Part 4—Reporting and other obligations for Commonwealth companies
Division 1—Preliminary
34
Meaning of Commonwealth company and wholly‑owned Commonwealth
company
(1) In this Act, Commonwealth company
means a Corporations Act company in which the Commonwealth has a controlling
interest. However, it does not include a company in which the Commonwealth has
a controlling interest through one or more interposed Commonwealth authorities
or Commonwealth companies.
(2) In this Act, wholly‑owned
Commonwealth company means any
Commonwealth company, other than a company any of the shares in which are
beneficially owned by a person other than the Commonwealth.
35
Role of Auditor‑General
(1) The Auditor‑General is, in relation
to each Commonwealth company, either:
(a) to be the auditor of the company
under the Corporations Act 2001; or
(b) if someone else is the company’s
auditor—to give a report on the company’s financial statements (see subsection 36(2)).
(2) The Auditor‑General is to audit the
financial statements of each subsidiary of a Commonwealth company (there are
exceptions to this—see subsection 37(4)).
Note: If the Auditor‑General is not the
subsidiary’s auditor, this means that the Auditor‑General has to do an
audit of the statements in addition to that done by the subsidiary’s auditor.
Division 2—Reporting obligations
Subdivision A—Annual report and related obligations
36
Annual Report
(1) At least 14 days before each annual
general meeting, a Commonwealth company must give the responsible Minister:
(a) a copy of the company’s annual
report that includes the company’s annual general meeting documents (or, if
there is no such annual report, a copy of the company’s annual general meeting
documents); and
(b) any additional report under subsection (2).
For this purpose, annual general meeting documents
means the documents relating to a financial year that the company is required
by the Corporations Act 2001 to lay before its annual general meeting.
Maximum penalty: 50 penalty units.
Note 1: Chapter 2 of the Criminal Code sets
out the general principles of criminal responsibility.
Note 2: Section 4AA of the Crimes Act 1914
sets the current value of a penalty unit.
(2) If the auditor’s report required by the Corporations
Act 2001 was prepared by an auditor other than the Auditor‑General, subsection (1)
also requires the company to give a report by the Auditor‑General on the
financial statements.
(3) In preparing a report for the purposes of
subsection (2), the Auditor‑General must use the same Corporations
Act 2001 rules as applied to the report by the other auditor.
(4) If the Commonwealth company is a wholly‑owned
Commonwealth company, the responsible Minister must table the documents in
each House of the Parliament as soon as practicable after receiving them.
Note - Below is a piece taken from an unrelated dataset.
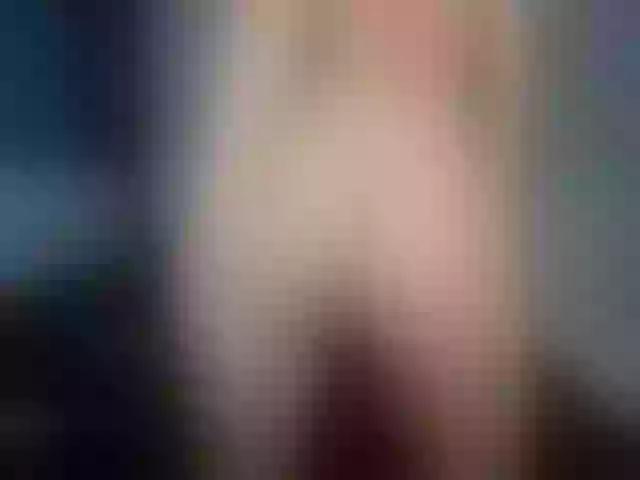 Live sex webcam photo for MayaTheLove #252579895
In
all other cases, the Minister must table the documents in each House of the
Parliament as soon as practicable after the annual general meeting of the
company.
(5) The regulations may make provision
dealing with how this section applies to a Commonwealth company that is not
required to hold an annual general meeting or in relation to which an auditor’s
report is not required to be prepared.
(6) Without limiting the generality of subsection (5),
regulations for the purposes of that subsection may provide that this section
applies with specified modifications.
37
Audit of relevant subsidiary’s financial statements
(1) Subject to subsection (4), the
directors of a Commonwealth company must do whatever is necessary to ensure
that all relevant subsidiary’s financial statements are audited by the Auditor‑General.
(2) For a subsidiary that is a Corporations
Act company that, under the Corporations Act 2001, is required to have
financial statements audited, the Auditor‑General’s report must be
prepared using the relevant rules in the Corporations Act 2001. Those
rules must also be used for other subsidiaries, so far as is practicable.
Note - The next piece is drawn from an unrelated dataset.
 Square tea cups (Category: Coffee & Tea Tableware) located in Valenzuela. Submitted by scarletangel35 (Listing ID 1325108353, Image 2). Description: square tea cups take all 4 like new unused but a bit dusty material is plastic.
(3) The Auditor‑General must give the
report to the responsible Minister, together with a copy of the relevant
subsidiary’s financial statements.
(4) Relevant financial statements of a
subsidiary do not have to be audited by the Auditor‑General if:
(a) the subsidiary is incorporated or
formed in a place outside Australia; and
(b) either:
(i) under the law applying
to the subsidiary in that place, the Auditor‑General cannot be appointed
as auditor of the subsidiary; or
(ii) in the Auditor‑General’s
opinion, it is impracticable or unreasonable for the Auditor‑General to
audit, or to be required to audit, the statements.
(5) In this section:
relevant subsidiary’s financial statements,
in relation to a Commonwealth company, means financial statements of an entity
for an annual accounting period of the entity, where the entity is a subsidiary
of the company at the end of that accounting period.
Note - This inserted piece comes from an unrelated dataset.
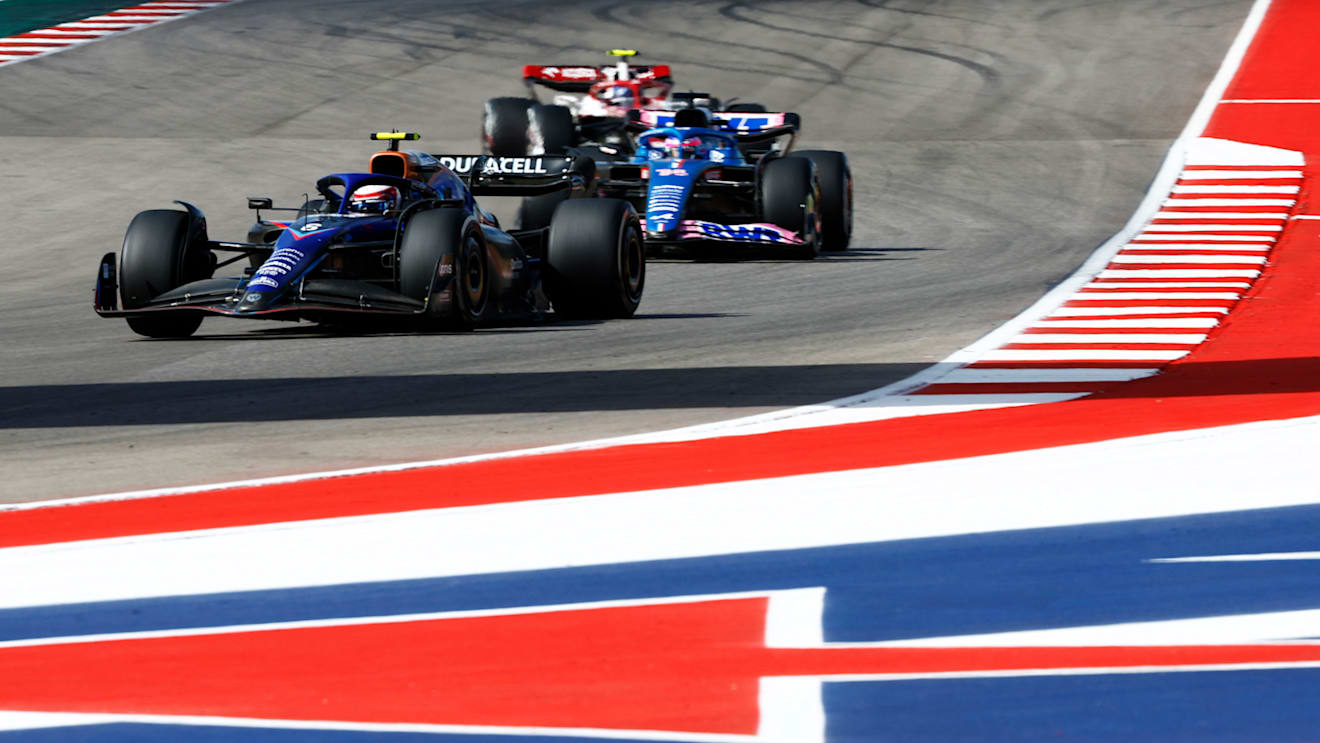 AUSTIN, TEXAS - OCTOBER 23: Nicholas Latifi of Canada driving the (6) Williams FW44 Mercedes on track during the F1 Grand Prix of USA at Circuit of The Americas on October 23, 2022 in Austin, Texas. (Photo by Chris Graythen/Getty Images)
Subdivision B—Other reporting obligations
38
Interim reports
(1) The Finance Minister may, by notice in
the Gazette, require particular wholly‑owned Commonwealth
companies or a class of wholly‑owned Commonwealth companies to give the
responsible Minister either:
(a) an interim report for the first 6
months of a financial year; or
(b) an interim report for each of the
following periods:
(i) the first 3 months of
each financial year;
(ii) the first 6 months of
each financial year;
(iii) the first 9 months of
each financial year.
(2) The interim report must include:
(a) a report of operations, prepared
by the directors in accordance with the Finance Minister’s Orders; and
(b) financial statements, prepared by
the directors in accordance with the Finance Minister’s Orders; and
(c) a report prepared by the Auditor‑General
in accordance with the regulations.
(3) The directors must give the interim
report to the responsible Minister within 2 months after the end of the period
to which the report relates.
(4) The responsible Minister may grant an
extension of time in special circumstances.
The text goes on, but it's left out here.